Während der Besprechung warte ich in einigem Abstand und lausche den Berichten aus den Lagern und Caesars Anweisungen. Es handelt sich mehr oder weniger um alltägliche Dinge und zu meiner Erleichterung sind zumindest die heutigen Getreidelieferungen in zufriedenstellender Menge und Qualität ausgeliefert worden. Nachdem alle ihre Befehle erhalten haben, bleibt von Caesars Offizieren nur Aulus Hirtius zurück, der offensichtlich noch einige topographische Details recherchieren will – denn er ist an den Kartentisch getreten und sucht zwischen den dort ausgebreiteten Papyri und Pergamenten nach irgendeinem Plan. Mit fragendem Blick tritt auch Caesar zu ihm an den Tisch. Wie selbstverständlich bin ich ihm gefolgt.
„Wer geht eigentlich so fahrlässig mit den Karten um?“, murrt Hirtius, als er sich bemüht, die verknitterten Ränder des Stadtplanes von Alexandria glattzustreichen.
Mein Liebhaber verzieht keine Miene, als er die Karten ebenfalls begutachtet. „Ja, das ist in der Tat fahrlässig.
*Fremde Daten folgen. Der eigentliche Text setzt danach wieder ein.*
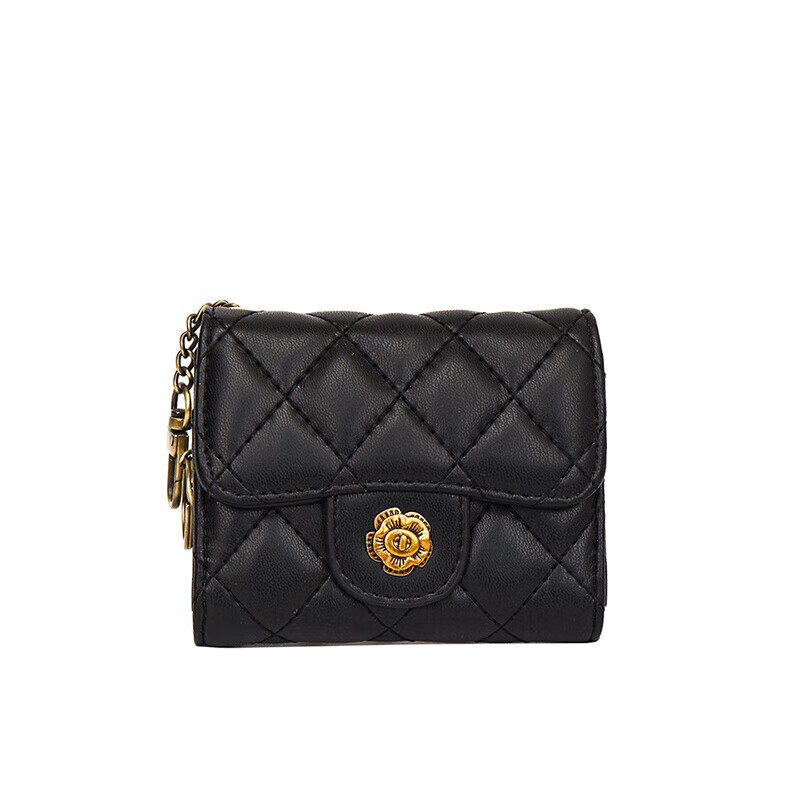 Kangaroo Xiaoxiangfeng 2025 New Camellia Diamond Wallet Women's Short Ins Coin Purse Fashion Simple Key Bag Black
Du solltest die Männer ermahnen, in Zukunft besser mit den Plänen umzugehen“, bemerkt er völlig ungerührt.
Doch in mir blitzen unwillkürlich die Bilder der letzten Nacht auf. Wie Caesar mich genau auf diesem Kartentisch genommen hat. Schnell wende ich mein Gesicht meinem Patron zu, er weiß schließlich, warum ich grinse. Hirtius sollte es hingegen lieber nicht wissen, doch er hat sich bereits wieder grummelnd über die Karte gebeugt. Caesar zwinkert mir zu und betrachtet amüsiert mein Gesicht. Er findet die Situation offensichtlich höchst unterhaltsam. Als er sich wieder Hirtius zuwendet, klingt seine Stimme hingegen völlig sachlich. Und im nächsten Moment unterhalten die beiden sich bereits wieder über die Karten.
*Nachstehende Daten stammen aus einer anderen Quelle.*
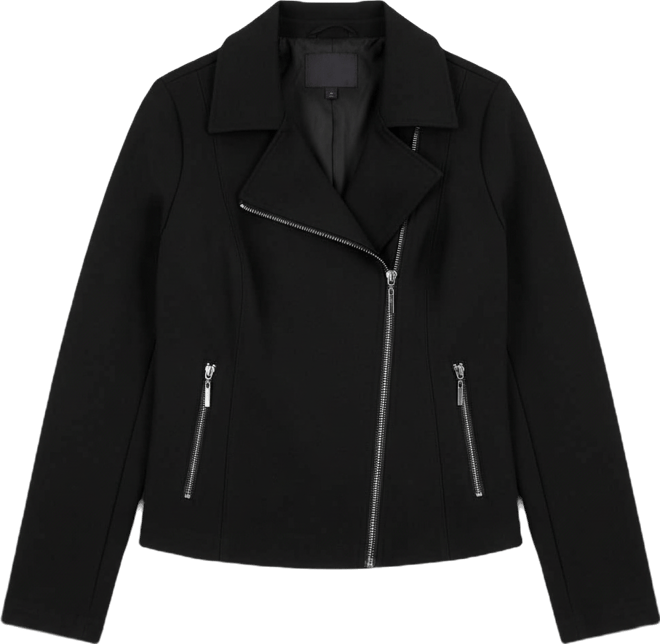Women's Notched Collar Knit Moto Jacket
„Wo wir gerade dabei sind, heute ist eine neue Karte des Palastes aus der Bibliothek geliefert worden“, bemerkt Caesar und fügt dann mit einem Blick auf meine Hofdame hinzu, „du kannst den Plan auf dem Kartentisch lassen, Charmion. Hirtius wird sich darum kümmern.“ Ich sehe, wie Charmions Hände sich unwillkürlich um das Behältnis krampfen, nicke ihr aber zu, seinen Worten Folge zu leisten.
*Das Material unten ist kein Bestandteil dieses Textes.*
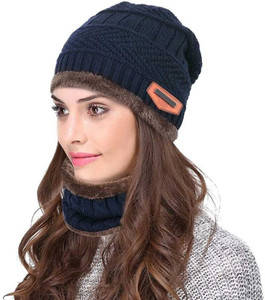 AmorMente Solid, Self Design, Embellished, Woven Skull Cap Cap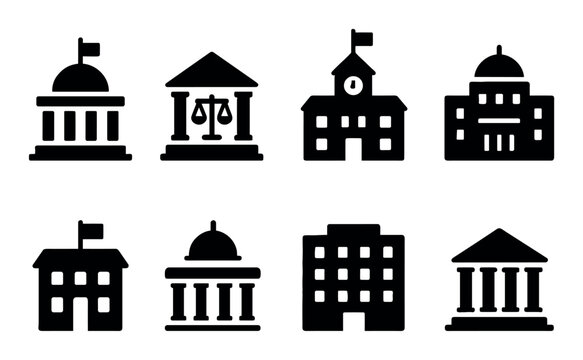 Government and institutional building icons set in black and white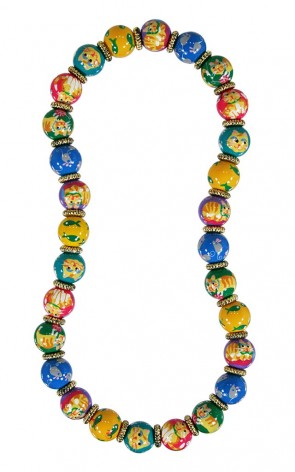 KITTY WITTY'S 9 LIVES CLASSIC NECKLACE - GOLD by Angela Moore - Hand Painted, Beaded Necklace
Beklommen beobachte ich, wie Caesar selbst die Karte aus dem Behältnis nimmt und sie auf dem Tisch entfaltet. Gehetzt huschen meine Augen über die Zeichnung, suchen nach Charmions Raum und finden – nichts. Ich habe gar nicht gemerkt, dass ich die Luft angehalten habe und versuche ruhig und langsam zu atmen, während die Männer bereits damit begonnen haben, über die Lage der Wasserkanäle und mögliche Schwachstellen in der Palastarchitektur zu debattieren, falls es zu einem Angriff kommen sollte. Ich bin indessen viel zu erleichtert, um mich groß daran zu beteiligen. Wenn der Geheimgang nicht auf dem Plan verzeichnet ist, kann auch Potheinos nichts davon wissen. Eine Sorge weniger!
Möglichst beiläufig begebe ich mich zu einem der Beistelltische, wo eine Karaffe mit verdünntem Wein bereitsteht. Charmion schenkt mir geistesgegenwärtig ein und ich leere den Kelch in einem Zug. Caesar hat nur eine Braue gehoben und wirft mir einen amüsierten Seitenblick zu, während Charmion mir sogleich von dem verdünnten Wein nachschenkt.
Auf einmal kann ich es gar nicht abwarten, Arsinoes Symposion zu besuchen, denn ich habe Lust, mich zu betrinken, aber so richtig!